Each line of the records is to be returned verbatim, with the images omitted.

═════ Records to use ═════

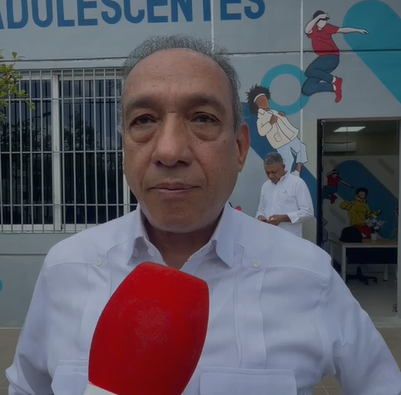 Demetrio Vicente elogia gestión del Dr. Landrón e inversiones en salud Samaná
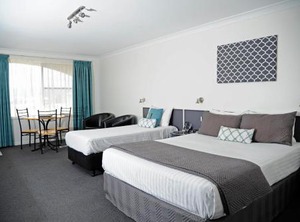 Tamar River Villas | Riverside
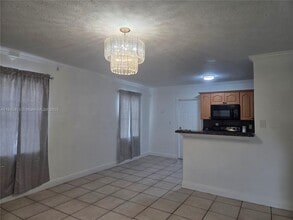 15721 NW 17th Ct in Opa Locka, FL - Foto de edificio - Building Photo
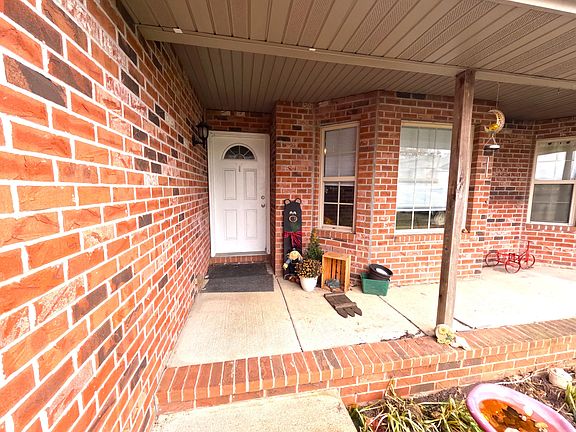 2nd image of 2308 2310 W Jonquil Lane
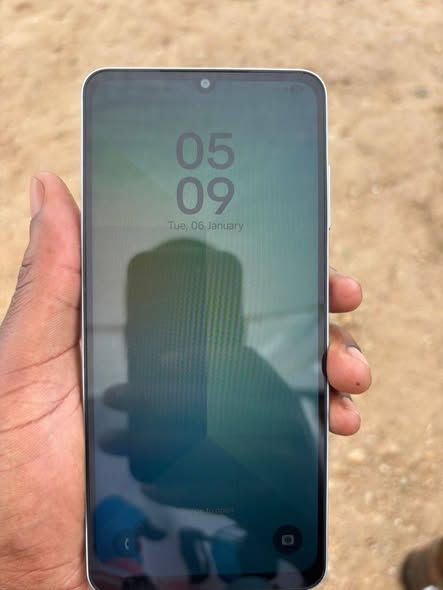 Samsung A06  64g photo 1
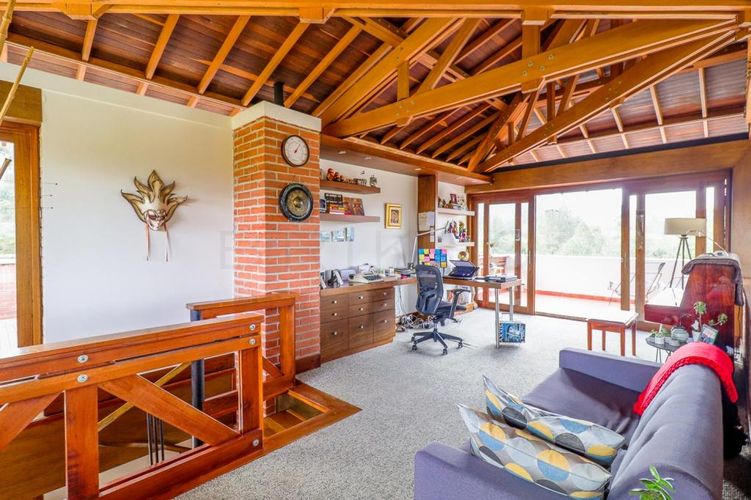 Casa de 3 alcobas en venta en Loma Del Chocho, Envigado, 450 m² · foto 8 de 24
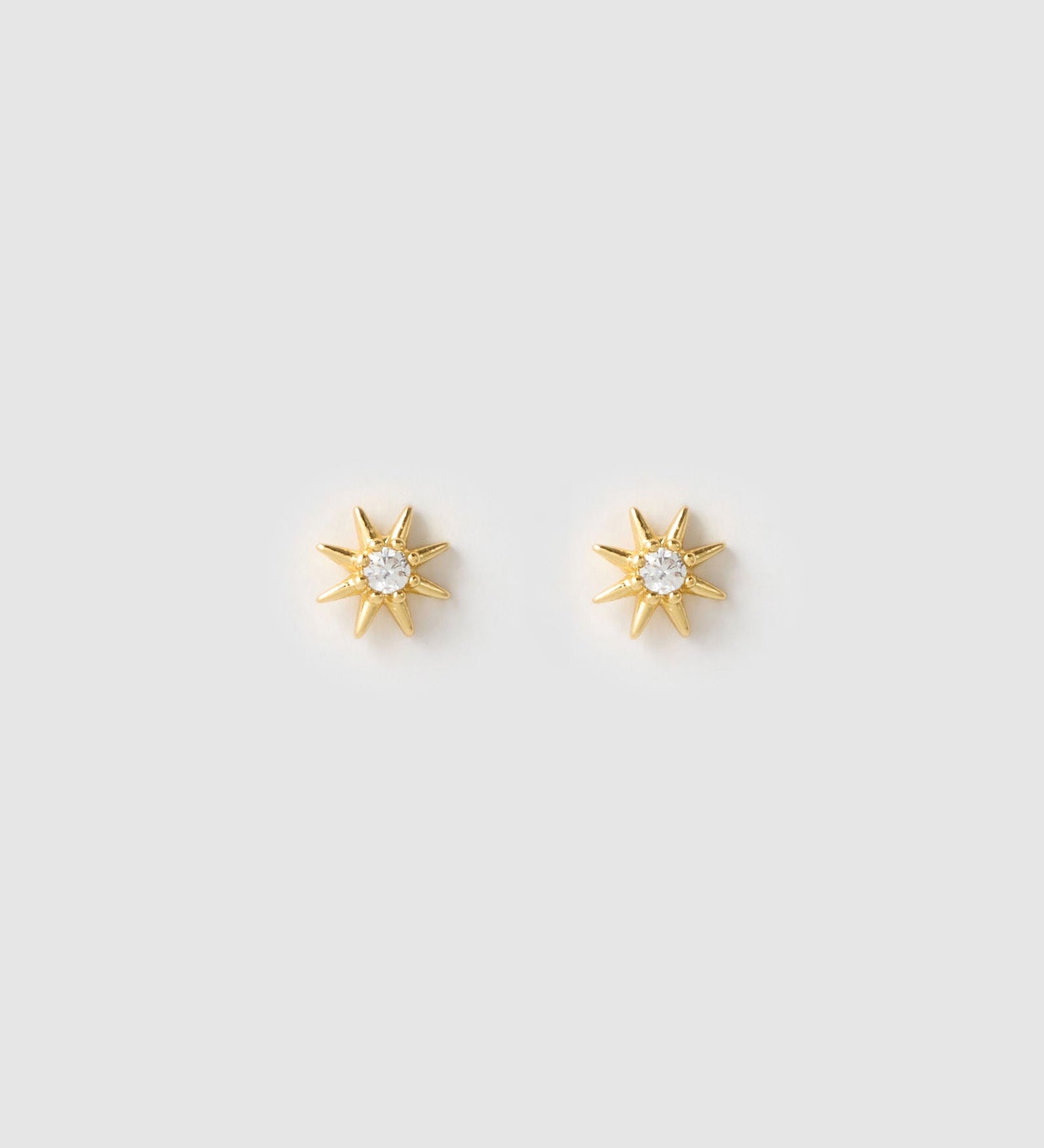 Brinco Estrela Zadie Tarraxa Plana - Ouro 18K | SILLENE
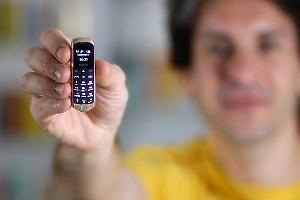 Micro cellulari nascosti vicino al carcere: la Polizia Penitenziaria sventa un’operazione sospetta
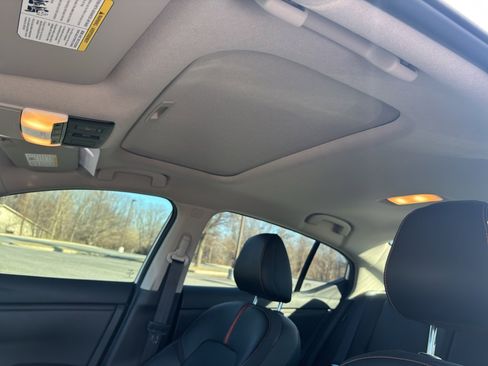 Used 2022 Nissan Sentra SR w/ Trunk Package image 13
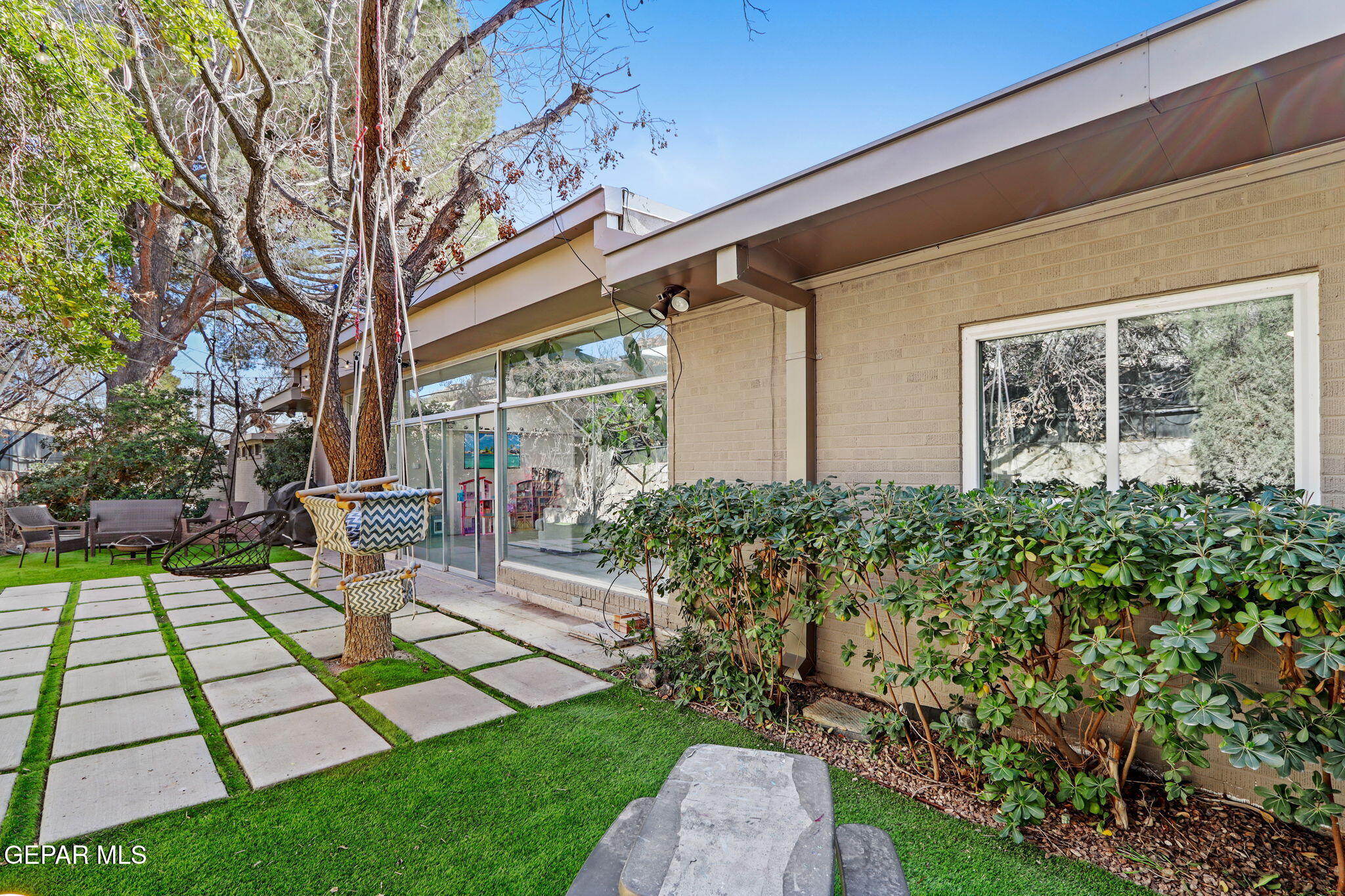 3940 FLAMINGO Drive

═════

Solution:
 Demetrio Vicente elogia gestión del Dr. Landrón e inversiones en salud Samaná
 Tamar River Villas | Riverside
 15721 NW 17th Ct in Opa Locka, FL - Foto de edificio - Building Photo
 2nd image of 2308 2310 W Jonquil Lane
 Samsung A06  64g photo 1
 Casa de 3 alcobas en venta en Loma Del Chocho, Envigado, 450 m² · foto 8 de 24
 Brinco Estrela Zadie Tarraxa Plana - Ouro 18K | SILLENE
 Micro cellulari nascosti vicino al carcere: la Polizia Penitenziaria sventa un’operazione sospetta
 Used 2022 Nissan Sentra SR w/ Trunk Package image 13
 3940 FLAMINGO Drive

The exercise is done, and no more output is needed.